Chronicles Of An Arrest Foretold
I
was 20, and I won’t let anyone say those are the best years of my life
–
Paul Nizan, Aden Arabia
On social media platforms, there has been a new celebration of nostalgia in lockdown: #MeAt20, pictures when you were in the 20s.
While many discovered old forgotten memories and fresh, open-ended, non-dogmatic, young and idealistic faces from the past, mostly in black & white, the vicious signs of the contemporary times in India came back like a sudden jolt. Masrat Zahra, a Kashmiri photo-journalist in her 20s, was booked under a stringent Unlawful Activities (Prevention) Act, for uploading “anti-national” posts on social media. The action is repetitive and inevitable, and it seems shocking, surprising, lacking both sanity and humanity, every time it arrives in its bitter ritualism. Why, you ask yet again, knowing so fully well the depressing answer. For God’s sake, why, and that too during a global ‘Mahamari’, amidst death and dying?
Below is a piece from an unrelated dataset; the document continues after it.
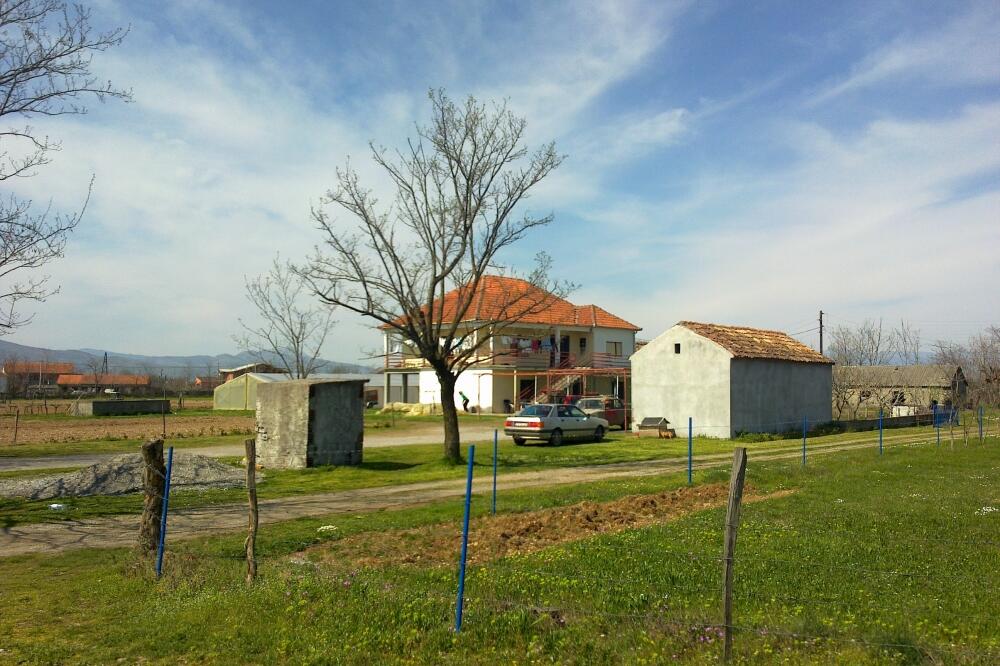 rok livade, Foto: Vladimir Otašević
However, what do you do with those who love the sinister and the diabolical like in a compulsive, obsessive, B-Grade horror movie, constantly looking for ‘potential victims’, using their constitutional powers like feudal, unaccountable, revengeful monarchies and dictatorships? And what do you do when the old and the ageing, in the last phases of their life’s illustrious graph, choose to become so vindictive and hateful against the young, especially the educated and the professional young, that they want to hurt them so badly, demonise and dehumanize them, clamp draconian laws against them, brand them ‘anti-nationals and jehadis’, among other clichéd ‘badges of honour’, and, finally, lock them up in prisons, even while the justice system seems so tragically distant and indifferent?
ALSO READ: Hanging (On Wall) Without Trial
Can parents hate their children? Can teachers hate their students? Can gurus hate their shishyas? Can a good coach hate the sportspersons he is teaching the difficult craft of the game? Can the ageing and the powerful so hate the young, instead of celebrating their brilliance? Are they not the future of hope, and the hope of the future, the nation’s scaffoldings?
Yes, it seems, if we look at contemporary times in India, which is gloomy and foreboding, not because of the young, but because of the old: the bitter, Hobbesian old.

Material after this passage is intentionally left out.